Exercise
Every line from the one containing "How To Make" to the end of the records below must be copied exactly, and no pictures may be included.

··· Extracted data ···

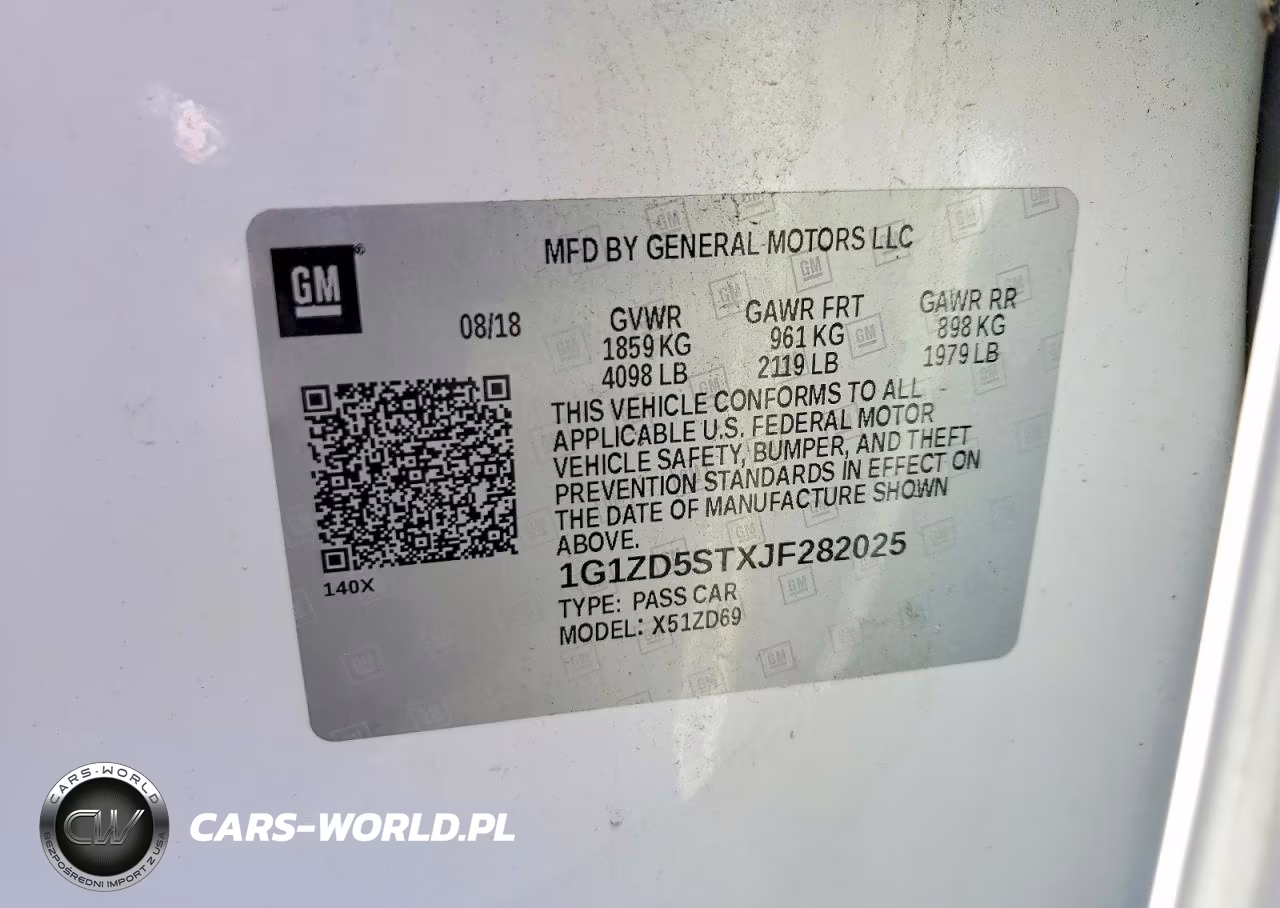 2018 Chevrolet Malibu Lt VIN:1G1ZD5STXJF282025 - 12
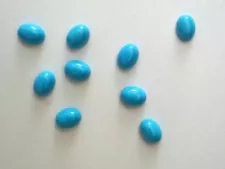 Natural Turquoise 4x6mm Oval Cabochon 10 Pieces loose Gemstone for sale Lot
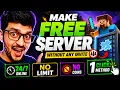 How To Make Free Minecraft Server JAVA PE Cracked Best Free Minecraft Server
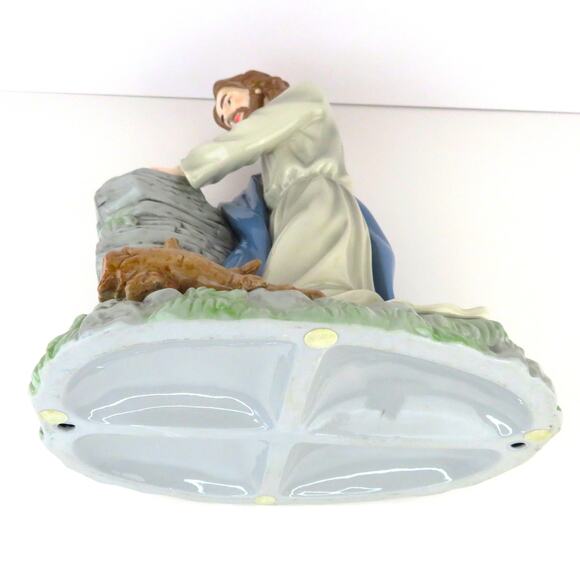Large Jesus Praying Ceramic Figurine 12” Religious Statue Glazed Christian Decor - Picture 9 of 12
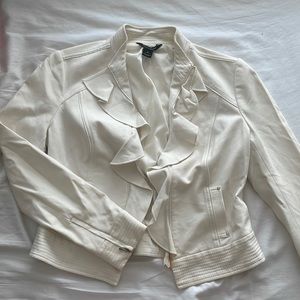 White Ruffled Jacket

···

Output below
 How To Make Free Minecraft Server JAVA PE Cracked Best Free Minecraft Server
Large Jesus Praying Ceramic Figurine 12” Religious Statue Glazed Christian Decor - Picture 9 of 12
 White Ruffled Jacket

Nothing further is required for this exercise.